Hirokazu Kore-eda has been making films in his native Japan for a long time. It wasn’t until President Barack Obama put Shoplifters on his best of 2018 list (not to mention the film garnering a Foreign Oscar nom) did he become a household name. Shoplifters stole our hearts with a story about a pseudo-family working together to make ends meet. His latest is set in France, with Juliette Binoche and Catherine Deneuve playing mother/estranged-daughter who clash on the set of a science-fiction film. It’s unlikely to be as groundbreaking as Shoplifters, but it’ll be interesting to see his first foreign-language foray (in French and English)—not to mention Ethan Hawke thrown in the mix.

 

Uncut Gems (MD)

 The Safdie brothers are back in action, like a pair of tag team wrestlers ready to pummel their protagonist to the pulp.

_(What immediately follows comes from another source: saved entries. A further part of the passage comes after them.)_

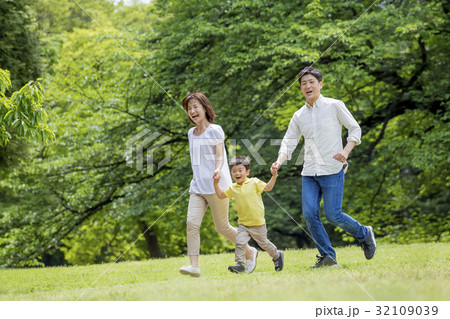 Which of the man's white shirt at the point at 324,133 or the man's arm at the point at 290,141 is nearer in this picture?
the man's white shirt at the point at 324,133

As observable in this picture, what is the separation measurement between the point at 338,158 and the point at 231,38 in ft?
23.1

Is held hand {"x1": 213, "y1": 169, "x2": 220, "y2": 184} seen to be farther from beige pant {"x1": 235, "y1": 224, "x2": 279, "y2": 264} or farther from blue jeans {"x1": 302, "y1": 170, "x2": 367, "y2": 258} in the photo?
blue jeans {"x1": 302, "y1": 170, "x2": 367, "y2": 258}

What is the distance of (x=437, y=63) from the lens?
12398 millimetres

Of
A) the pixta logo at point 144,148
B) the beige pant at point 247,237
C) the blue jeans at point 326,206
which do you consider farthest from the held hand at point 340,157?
the pixta logo at point 144,148

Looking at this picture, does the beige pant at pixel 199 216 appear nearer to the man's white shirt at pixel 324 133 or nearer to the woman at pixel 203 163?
the woman at pixel 203 163

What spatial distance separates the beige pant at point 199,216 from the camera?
5.02m

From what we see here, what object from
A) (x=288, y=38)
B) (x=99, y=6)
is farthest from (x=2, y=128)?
(x=99, y=6)

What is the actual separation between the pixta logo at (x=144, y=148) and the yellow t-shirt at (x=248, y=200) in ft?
24.4

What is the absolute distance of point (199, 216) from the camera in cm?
512

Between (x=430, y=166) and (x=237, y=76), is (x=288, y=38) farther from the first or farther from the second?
(x=430, y=166)

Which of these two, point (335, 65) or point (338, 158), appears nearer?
point (338, 158)

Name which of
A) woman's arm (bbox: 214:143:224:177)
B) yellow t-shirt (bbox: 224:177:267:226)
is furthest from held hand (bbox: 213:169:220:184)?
yellow t-shirt (bbox: 224:177:267:226)

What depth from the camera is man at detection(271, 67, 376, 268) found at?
5.09m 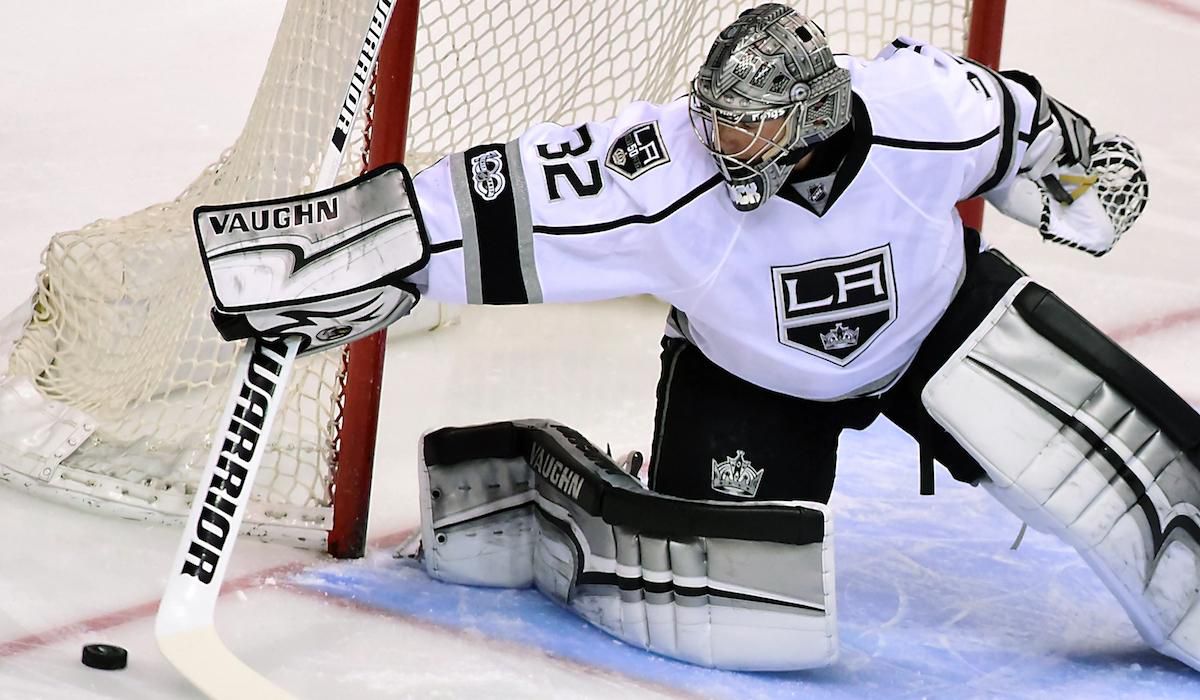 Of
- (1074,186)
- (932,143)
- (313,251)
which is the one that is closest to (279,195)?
(313,251)

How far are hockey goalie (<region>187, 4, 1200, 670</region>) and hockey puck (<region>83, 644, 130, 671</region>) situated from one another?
0.44 m

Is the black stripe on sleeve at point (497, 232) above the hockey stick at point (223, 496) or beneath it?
above

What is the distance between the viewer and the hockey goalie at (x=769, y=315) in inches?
87.4

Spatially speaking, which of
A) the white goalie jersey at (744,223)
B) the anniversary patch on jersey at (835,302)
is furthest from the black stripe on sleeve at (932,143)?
the anniversary patch on jersey at (835,302)

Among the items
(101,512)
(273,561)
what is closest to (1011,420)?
(273,561)

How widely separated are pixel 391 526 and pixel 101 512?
1.44ft

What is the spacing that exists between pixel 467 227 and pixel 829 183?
45cm

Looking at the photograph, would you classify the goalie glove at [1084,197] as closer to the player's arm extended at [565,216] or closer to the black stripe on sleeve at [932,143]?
the black stripe on sleeve at [932,143]

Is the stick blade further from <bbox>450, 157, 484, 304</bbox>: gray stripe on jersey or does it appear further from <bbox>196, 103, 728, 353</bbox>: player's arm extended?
<bbox>450, 157, 484, 304</bbox>: gray stripe on jersey

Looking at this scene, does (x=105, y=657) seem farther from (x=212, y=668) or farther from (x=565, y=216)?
(x=565, y=216)

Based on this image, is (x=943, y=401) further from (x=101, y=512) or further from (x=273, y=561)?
(x=101, y=512)

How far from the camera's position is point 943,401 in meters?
2.45

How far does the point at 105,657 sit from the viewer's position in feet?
7.60

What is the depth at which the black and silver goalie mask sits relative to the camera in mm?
2152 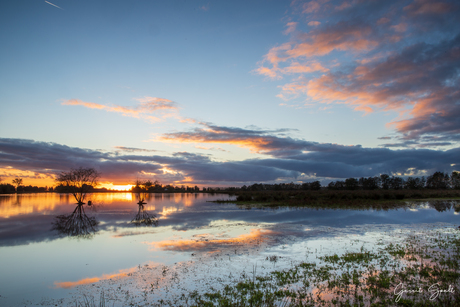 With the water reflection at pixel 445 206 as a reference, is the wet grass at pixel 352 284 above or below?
above

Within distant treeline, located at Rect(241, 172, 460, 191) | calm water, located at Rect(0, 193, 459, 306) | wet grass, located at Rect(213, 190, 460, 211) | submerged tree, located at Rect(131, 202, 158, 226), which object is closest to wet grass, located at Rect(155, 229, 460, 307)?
calm water, located at Rect(0, 193, 459, 306)

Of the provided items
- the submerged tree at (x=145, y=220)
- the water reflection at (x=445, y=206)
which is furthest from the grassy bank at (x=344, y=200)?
the submerged tree at (x=145, y=220)

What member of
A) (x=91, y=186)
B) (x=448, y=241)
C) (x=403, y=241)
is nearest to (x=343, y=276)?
(x=403, y=241)

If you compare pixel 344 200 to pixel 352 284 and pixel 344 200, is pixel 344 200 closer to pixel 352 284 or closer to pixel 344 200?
pixel 344 200

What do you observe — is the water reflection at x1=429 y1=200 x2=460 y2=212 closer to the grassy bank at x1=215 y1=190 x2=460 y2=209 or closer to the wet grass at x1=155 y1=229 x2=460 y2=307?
the grassy bank at x1=215 y1=190 x2=460 y2=209

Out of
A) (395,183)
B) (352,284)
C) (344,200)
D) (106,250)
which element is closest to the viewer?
(352,284)

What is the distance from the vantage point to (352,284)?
10703mm

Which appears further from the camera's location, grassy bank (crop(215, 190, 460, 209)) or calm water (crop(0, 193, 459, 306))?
grassy bank (crop(215, 190, 460, 209))

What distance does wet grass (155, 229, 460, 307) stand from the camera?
9.09 metres

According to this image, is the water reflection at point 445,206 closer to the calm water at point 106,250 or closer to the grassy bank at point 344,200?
the grassy bank at point 344,200

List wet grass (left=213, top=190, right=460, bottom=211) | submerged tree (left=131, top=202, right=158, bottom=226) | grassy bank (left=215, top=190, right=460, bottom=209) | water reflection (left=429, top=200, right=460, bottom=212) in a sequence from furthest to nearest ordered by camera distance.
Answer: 1. grassy bank (left=215, top=190, right=460, bottom=209)
2. wet grass (left=213, top=190, right=460, bottom=211)
3. water reflection (left=429, top=200, right=460, bottom=212)
4. submerged tree (left=131, top=202, right=158, bottom=226)

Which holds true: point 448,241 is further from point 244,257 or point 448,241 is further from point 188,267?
point 188,267

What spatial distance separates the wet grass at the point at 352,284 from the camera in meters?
9.09

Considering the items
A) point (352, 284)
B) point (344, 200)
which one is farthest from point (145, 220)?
point (344, 200) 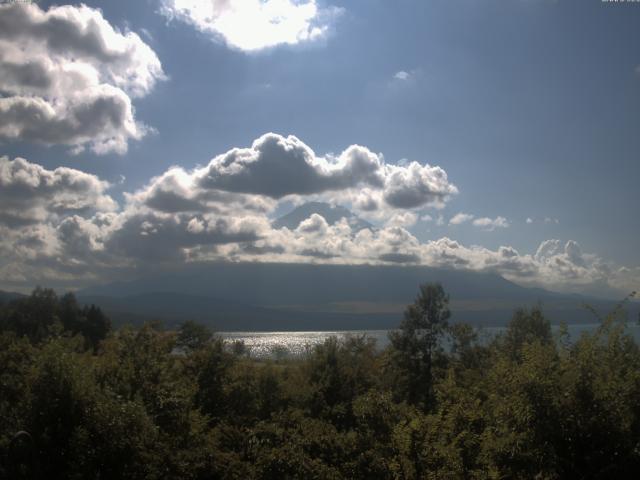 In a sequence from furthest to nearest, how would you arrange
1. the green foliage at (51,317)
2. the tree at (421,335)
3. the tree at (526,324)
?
1. the green foliage at (51,317)
2. the tree at (526,324)
3. the tree at (421,335)

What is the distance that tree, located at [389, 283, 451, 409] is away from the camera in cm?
4819

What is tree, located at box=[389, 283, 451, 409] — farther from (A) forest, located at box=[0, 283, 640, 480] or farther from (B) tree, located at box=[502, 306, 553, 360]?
(A) forest, located at box=[0, 283, 640, 480]

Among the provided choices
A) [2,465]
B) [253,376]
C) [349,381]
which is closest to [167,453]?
[2,465]

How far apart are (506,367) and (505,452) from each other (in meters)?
2.99

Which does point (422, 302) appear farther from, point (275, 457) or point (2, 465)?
point (2, 465)

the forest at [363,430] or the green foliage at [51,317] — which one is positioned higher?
the forest at [363,430]

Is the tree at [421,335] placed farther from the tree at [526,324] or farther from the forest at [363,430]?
the forest at [363,430]

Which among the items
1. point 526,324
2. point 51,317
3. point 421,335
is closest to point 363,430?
point 421,335

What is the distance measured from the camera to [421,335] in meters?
50.5

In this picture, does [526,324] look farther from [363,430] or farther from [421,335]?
[363,430]

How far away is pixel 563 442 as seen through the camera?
42.7 feet

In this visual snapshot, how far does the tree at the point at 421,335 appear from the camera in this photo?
4819 centimetres

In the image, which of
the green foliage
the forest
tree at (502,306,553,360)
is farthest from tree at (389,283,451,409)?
the green foliage

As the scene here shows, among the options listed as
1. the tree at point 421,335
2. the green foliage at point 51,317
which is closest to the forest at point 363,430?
the tree at point 421,335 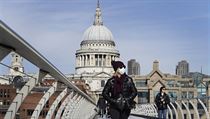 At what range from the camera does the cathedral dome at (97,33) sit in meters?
180

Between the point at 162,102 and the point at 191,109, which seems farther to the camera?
the point at 162,102

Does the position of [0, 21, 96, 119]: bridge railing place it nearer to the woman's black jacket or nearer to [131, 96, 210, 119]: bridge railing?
the woman's black jacket

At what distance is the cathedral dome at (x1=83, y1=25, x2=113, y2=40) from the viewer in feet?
591

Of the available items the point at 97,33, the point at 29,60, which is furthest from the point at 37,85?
the point at 97,33

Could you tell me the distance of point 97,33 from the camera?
182375 millimetres

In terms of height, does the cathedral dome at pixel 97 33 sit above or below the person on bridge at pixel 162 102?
above

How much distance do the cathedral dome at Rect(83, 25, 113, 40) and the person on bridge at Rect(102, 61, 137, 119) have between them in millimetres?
169754

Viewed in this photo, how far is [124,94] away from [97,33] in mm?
174062

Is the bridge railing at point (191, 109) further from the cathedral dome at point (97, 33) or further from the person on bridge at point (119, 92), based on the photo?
the cathedral dome at point (97, 33)

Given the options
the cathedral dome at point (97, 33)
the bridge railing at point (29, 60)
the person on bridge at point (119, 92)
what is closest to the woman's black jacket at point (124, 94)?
the person on bridge at point (119, 92)

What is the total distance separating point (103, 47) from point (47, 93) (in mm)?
163305

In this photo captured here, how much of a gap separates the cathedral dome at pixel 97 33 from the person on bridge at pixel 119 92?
557ft

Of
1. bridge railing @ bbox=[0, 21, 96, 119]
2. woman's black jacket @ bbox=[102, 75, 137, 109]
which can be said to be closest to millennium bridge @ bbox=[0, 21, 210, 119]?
bridge railing @ bbox=[0, 21, 96, 119]

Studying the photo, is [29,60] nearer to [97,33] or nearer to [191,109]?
[191,109] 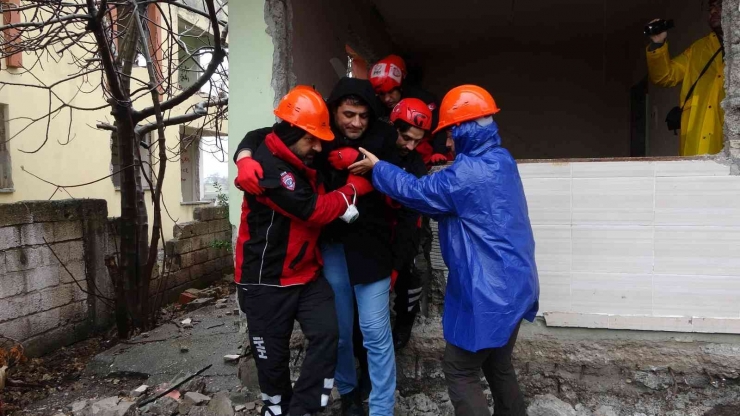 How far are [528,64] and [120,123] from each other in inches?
195

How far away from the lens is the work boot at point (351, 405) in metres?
3.00

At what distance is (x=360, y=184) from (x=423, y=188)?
16.6 inches

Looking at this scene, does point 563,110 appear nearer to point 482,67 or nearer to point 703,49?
point 482,67

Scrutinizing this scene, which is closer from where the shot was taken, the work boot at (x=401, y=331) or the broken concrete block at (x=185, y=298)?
the work boot at (x=401, y=331)

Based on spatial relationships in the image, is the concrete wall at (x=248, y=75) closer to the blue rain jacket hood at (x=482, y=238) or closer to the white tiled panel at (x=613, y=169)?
the blue rain jacket hood at (x=482, y=238)

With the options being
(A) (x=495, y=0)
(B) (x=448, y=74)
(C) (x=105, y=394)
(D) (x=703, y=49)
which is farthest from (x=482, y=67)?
(C) (x=105, y=394)

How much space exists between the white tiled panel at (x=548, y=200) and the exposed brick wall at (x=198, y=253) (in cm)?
508

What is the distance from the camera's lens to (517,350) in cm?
314

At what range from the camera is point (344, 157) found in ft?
8.82

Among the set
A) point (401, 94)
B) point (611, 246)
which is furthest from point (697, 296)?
point (401, 94)

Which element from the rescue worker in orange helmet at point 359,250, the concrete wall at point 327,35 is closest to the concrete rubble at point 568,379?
the rescue worker in orange helmet at point 359,250

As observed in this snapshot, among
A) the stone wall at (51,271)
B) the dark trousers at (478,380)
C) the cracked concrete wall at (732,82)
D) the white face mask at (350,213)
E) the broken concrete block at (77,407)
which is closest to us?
the dark trousers at (478,380)

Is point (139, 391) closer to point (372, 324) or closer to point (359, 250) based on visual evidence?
point (372, 324)

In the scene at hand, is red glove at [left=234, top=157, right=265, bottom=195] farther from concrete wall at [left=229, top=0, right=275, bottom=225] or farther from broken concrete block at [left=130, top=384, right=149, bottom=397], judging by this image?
broken concrete block at [left=130, top=384, right=149, bottom=397] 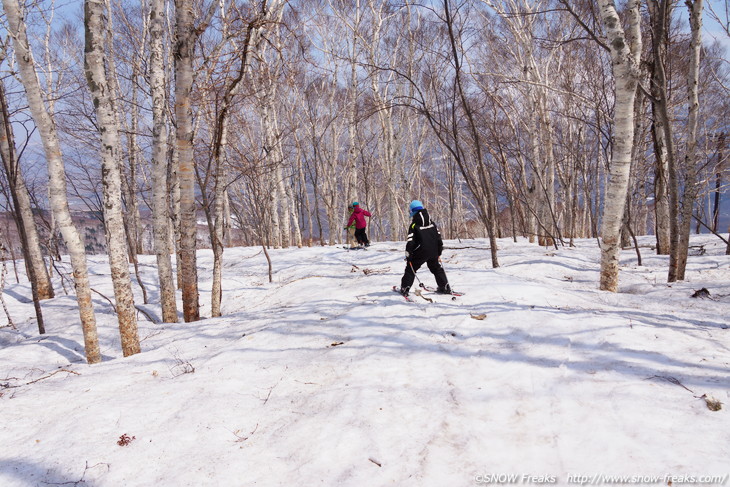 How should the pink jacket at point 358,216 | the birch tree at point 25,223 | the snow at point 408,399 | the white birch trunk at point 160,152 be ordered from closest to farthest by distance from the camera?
the snow at point 408,399
the white birch trunk at point 160,152
the birch tree at point 25,223
the pink jacket at point 358,216

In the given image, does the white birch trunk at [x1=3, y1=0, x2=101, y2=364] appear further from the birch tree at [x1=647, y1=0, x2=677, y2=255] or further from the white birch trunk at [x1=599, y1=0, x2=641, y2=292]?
the birch tree at [x1=647, y1=0, x2=677, y2=255]

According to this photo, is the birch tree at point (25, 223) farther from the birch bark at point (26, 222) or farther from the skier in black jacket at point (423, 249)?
the skier in black jacket at point (423, 249)

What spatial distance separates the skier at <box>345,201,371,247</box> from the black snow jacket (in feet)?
17.4

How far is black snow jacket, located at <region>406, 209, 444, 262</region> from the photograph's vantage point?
17.4ft

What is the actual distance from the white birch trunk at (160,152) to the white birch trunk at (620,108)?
20.5ft

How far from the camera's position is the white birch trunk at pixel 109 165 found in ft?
12.8

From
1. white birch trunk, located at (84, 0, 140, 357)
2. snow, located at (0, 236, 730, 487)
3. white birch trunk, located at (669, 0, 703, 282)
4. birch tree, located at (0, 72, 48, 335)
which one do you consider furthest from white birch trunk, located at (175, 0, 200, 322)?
white birch trunk, located at (669, 0, 703, 282)

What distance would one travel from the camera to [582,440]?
1998 millimetres

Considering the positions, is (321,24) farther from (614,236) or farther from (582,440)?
(582,440)

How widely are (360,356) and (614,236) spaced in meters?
3.93

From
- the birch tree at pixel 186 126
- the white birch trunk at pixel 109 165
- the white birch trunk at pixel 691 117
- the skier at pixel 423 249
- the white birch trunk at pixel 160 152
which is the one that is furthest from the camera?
the white birch trunk at pixel 160 152

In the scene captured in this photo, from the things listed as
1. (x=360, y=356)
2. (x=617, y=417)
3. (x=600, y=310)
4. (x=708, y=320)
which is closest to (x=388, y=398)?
(x=360, y=356)

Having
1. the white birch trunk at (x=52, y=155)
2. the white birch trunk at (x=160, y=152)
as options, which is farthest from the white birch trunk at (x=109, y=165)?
the white birch trunk at (x=160, y=152)

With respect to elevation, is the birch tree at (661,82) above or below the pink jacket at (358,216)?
above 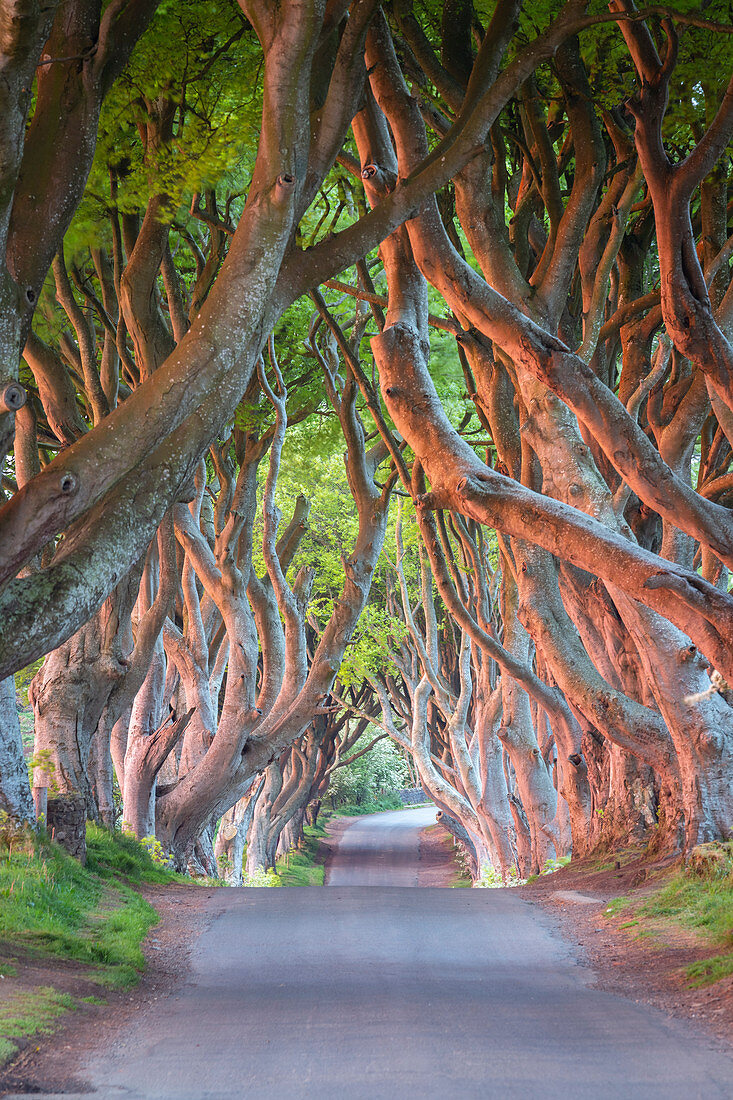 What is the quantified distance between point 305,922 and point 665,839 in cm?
375

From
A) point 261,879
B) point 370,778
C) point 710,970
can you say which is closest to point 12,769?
point 710,970

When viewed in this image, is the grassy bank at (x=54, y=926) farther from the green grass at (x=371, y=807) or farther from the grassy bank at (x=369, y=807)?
the green grass at (x=371, y=807)

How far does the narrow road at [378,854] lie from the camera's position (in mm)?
24000

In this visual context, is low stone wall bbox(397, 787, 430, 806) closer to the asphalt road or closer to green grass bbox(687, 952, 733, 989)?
the asphalt road

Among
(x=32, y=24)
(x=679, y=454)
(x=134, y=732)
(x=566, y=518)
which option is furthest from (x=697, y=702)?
(x=134, y=732)

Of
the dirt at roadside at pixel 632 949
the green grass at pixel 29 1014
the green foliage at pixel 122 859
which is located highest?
the green foliage at pixel 122 859

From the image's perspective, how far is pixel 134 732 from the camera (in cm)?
1291

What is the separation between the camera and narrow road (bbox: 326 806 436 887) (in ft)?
78.7

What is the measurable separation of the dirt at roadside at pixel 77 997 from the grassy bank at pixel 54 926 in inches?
1.3

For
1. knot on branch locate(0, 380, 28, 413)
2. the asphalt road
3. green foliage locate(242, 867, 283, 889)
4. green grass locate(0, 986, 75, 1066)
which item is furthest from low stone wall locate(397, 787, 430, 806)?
knot on branch locate(0, 380, 28, 413)

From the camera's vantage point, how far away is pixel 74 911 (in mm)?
7293

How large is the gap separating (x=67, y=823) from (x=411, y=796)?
5496 centimetres

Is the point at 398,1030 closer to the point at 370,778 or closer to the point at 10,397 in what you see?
the point at 10,397

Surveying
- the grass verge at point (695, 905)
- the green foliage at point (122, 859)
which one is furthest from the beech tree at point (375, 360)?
the grass verge at point (695, 905) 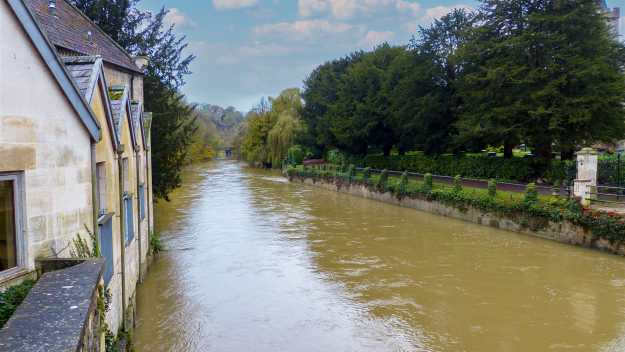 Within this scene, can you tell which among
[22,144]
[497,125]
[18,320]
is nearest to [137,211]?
[22,144]

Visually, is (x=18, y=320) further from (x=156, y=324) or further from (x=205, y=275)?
(x=205, y=275)

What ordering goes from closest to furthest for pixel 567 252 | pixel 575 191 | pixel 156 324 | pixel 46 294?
pixel 46 294 → pixel 156 324 → pixel 567 252 → pixel 575 191

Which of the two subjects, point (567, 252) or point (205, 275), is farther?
point (567, 252)

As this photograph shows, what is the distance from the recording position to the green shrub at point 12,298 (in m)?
4.10

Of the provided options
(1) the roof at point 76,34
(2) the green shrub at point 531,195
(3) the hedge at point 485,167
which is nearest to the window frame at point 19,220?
(1) the roof at point 76,34

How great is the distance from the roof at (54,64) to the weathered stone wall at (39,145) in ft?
0.18

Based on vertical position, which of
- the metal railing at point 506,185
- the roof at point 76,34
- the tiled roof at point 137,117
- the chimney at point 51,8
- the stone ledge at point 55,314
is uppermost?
the chimney at point 51,8

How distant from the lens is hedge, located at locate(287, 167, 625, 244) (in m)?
16.3

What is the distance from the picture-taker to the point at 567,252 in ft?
55.2

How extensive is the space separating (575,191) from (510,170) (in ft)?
29.5

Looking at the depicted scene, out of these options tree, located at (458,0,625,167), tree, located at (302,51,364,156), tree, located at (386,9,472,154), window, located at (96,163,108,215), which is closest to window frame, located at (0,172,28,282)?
window, located at (96,163,108,215)

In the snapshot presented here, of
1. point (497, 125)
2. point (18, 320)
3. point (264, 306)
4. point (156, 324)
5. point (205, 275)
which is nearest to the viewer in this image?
point (18, 320)

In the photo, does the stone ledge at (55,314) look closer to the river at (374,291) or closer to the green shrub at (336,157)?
the river at (374,291)

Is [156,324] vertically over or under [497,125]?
under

Joining forces again with distributor A24, who released their high octane kaleidoscope thriller Good Time (2017), the brothers have now tapped Adam Sandler to play a jeweler for their latest, Uncut Gems. Expect tight close-ups, kinetic camera movements and a synthy score. I’ve been a huge fan of the Safdies since seeing Daddy Longlegs (2009), but now the support of mega-producer Scott Rudin promises to elevate their newest work to another level. Extra points are in order for casting Atlanta and Sorry to Bother You (2018) breakout Lakeith Stanfield and basketball legend Kevin Garnett in supporting roles.

 And that’s it for our preview of the festival. Hope to see you there!